For the observation model, we use Kalman Gain to determine whether the sensor can be trust or not.
\[
K_t^j=\bar\Sigma_tH_t^{jT}(H_t^j\bar\Sigma_tH_t^{jT}+R_t)^{-1}
\]
When \(R_t=0\), \(K_t^j=\bar\Sigma_tH_t^{jT}(H_t^j\bar\Sigma_tH_t^{jT}+R_t)^{-1}=(H_t^j)^{-1}\) which means we have a perfect sensor is noise free.
When \(R_t\to\infty\), \(K_t^j=\bar\Sigma_tH_t^{jT}(H_t^j\bar\Sigma_tH_t^{jT}+R_t)^{-1}\to0\) which means we won't believe the result of the horrible sensor.
In lab's case, I pick \(R_t=\begin{pmatrix}1.0*10^{-2} & 0 \\ 0 & 1.0*10^{-3}\end{pmatrix}\), which gave me a good performance.

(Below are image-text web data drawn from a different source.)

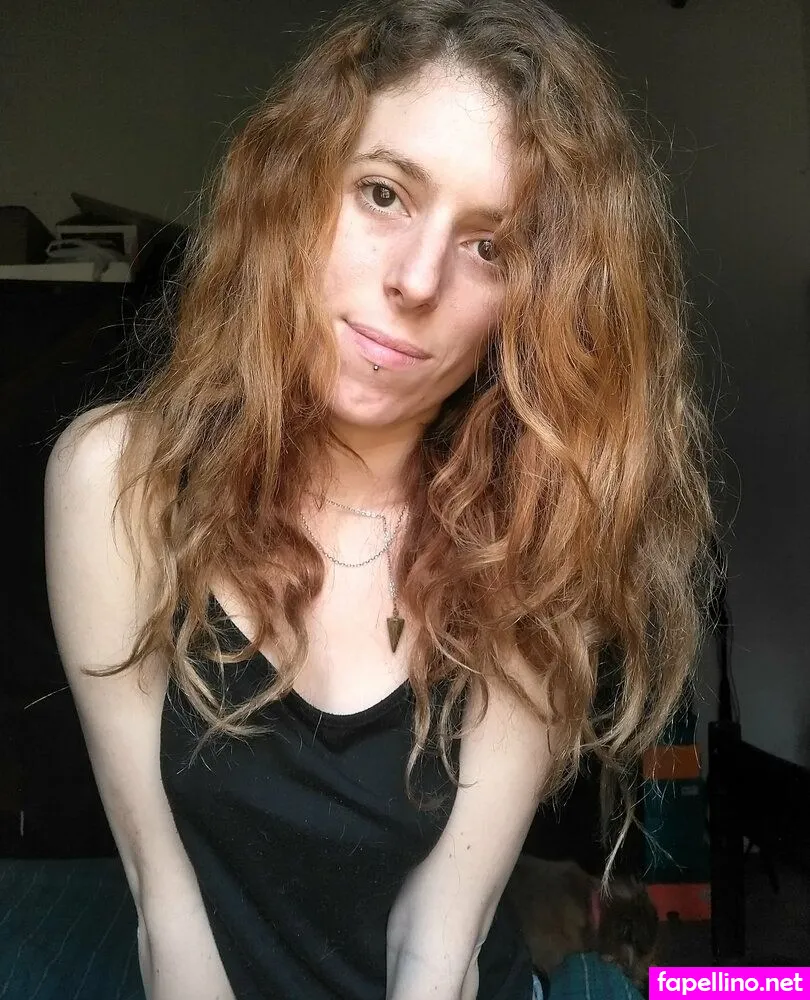 missygamerdolll Nude Leaked OnlyFans Photo #oFGoMeHTiX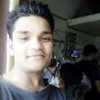ABHILASH KUMBHARE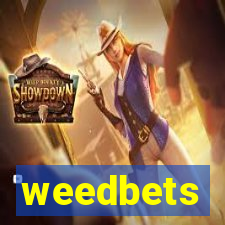 weedbets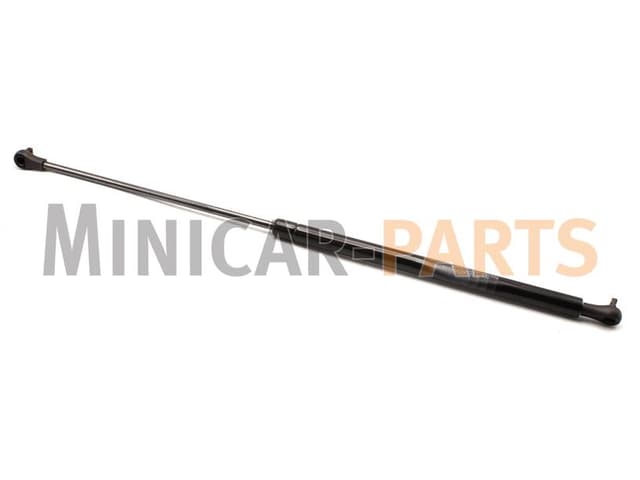 Tailgate damper Aixam Crossline 2005-2010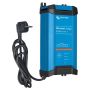 Victron Energy Victron IP22 12/30 1 Battery Charger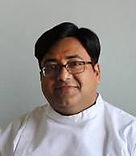 ashish.jpg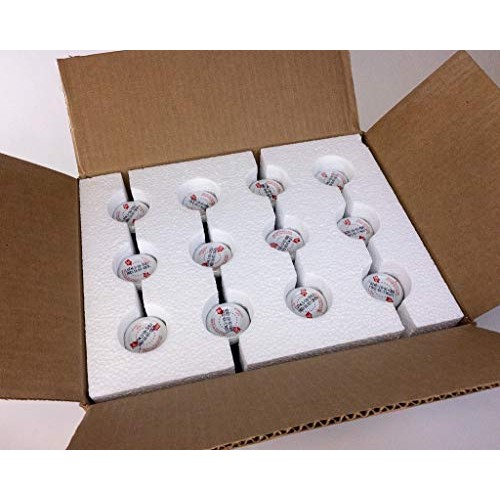 Pomona Organic Juices Pure Tart Cherry Juice, 8.4 Ounce Bottle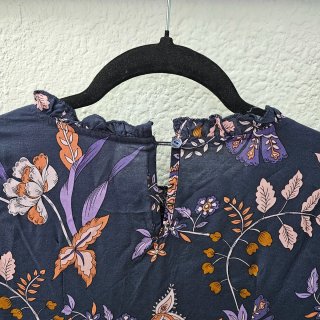 Vestido Jaase
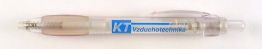 KT vzduchotechnika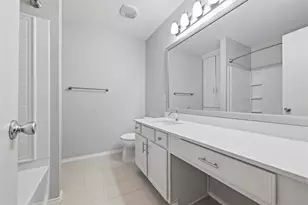 705 Fireberry Dr, Fate, TX 75087 - Photo 18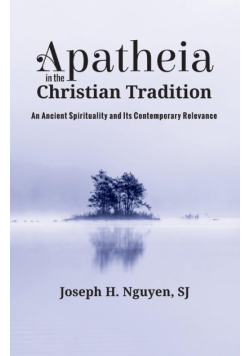 Apatheia in the Christian Tradition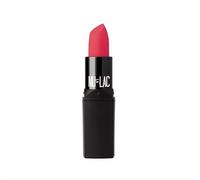 MULAC - Rossetto Matt in Stick Rossetti 3.5 g Rosa female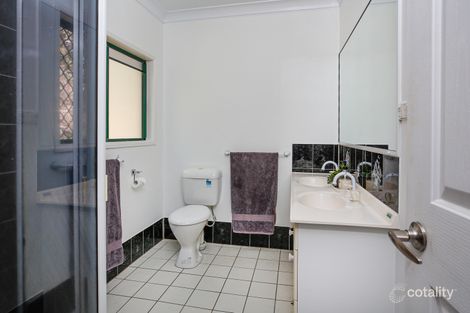 Property photo of 14-16 Reese Close Gordonvale QLD 4865
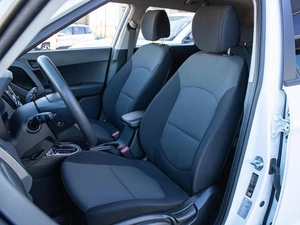 Внедорожник Hyundai Creta 2018 года, 2119000 рублей, Петрозаводск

Although we don't have a gain or some other things to describe the affect of noise in control input model explicitly, the affect of the \(Q_t\) to the control input is also intuitively. It would some case decrease the belief of the variable, leads to approximating a slightly different gaussian model. I suppose the control input noise is not so significantly to the system. I randomly pick up 100 as the value of the diagnols, which is \(Q_t=\begin{pmatrix}100 & 0 \\ 0 & 100\end{pmatrix}\)
As image shown above, an improper noise covariance matrix may lead to a little bit mess.
Beta
As we all know, EKF SLAM build the correspondence for the closest pair of feature and landmark. Hence, we need to find a proper threshold to distinguish whether the feature is a new landmark or not. A too large threshold will make the system insensitive to establishing new landmarks, while a too small threshold will make the system too sensitive to establishing new landmarks. A good way to get the proper threshold is printing out the distance matrix, and then find that specific value to classify the distance into two groups. That's how I do so, and I eventually pick 4.0
Above image shows the case that new landmarks were not be recognized well, because of a too big threshold, which two new landmarks correspond to a same already-known landmark, leading the EKF SLAM goes wrong in this case. But then it actually worked, although there are some vibrations in that specific case until it gets to another special location.
In this special location, because of the previous vibration, some landmarks were wrongly attended to the state vector and the covariance matrix. Next time the robot matches the observed features and landmarks, there is a new feature's distance to the wrong-existing landmark lower than the threshold. Hence, the filter corresponds to them as a pair rather than adding a new landmark to the system, which leads to not converging. This is also what we don't expect from the steady filter. So we need to adjust the threshold smarter.
Gamma
Finally it works, with \(R_t=\begin{pmatrix}1.0*10^{-2} & 0 \\ 0 & 1.0*10^{-3}\end{pmatrix}\), \(Q_t=\begin{pmatrix}100 & 0 \\ 0 & 100\end{pmatrix}\), and \(\delta_{d}=4.0\)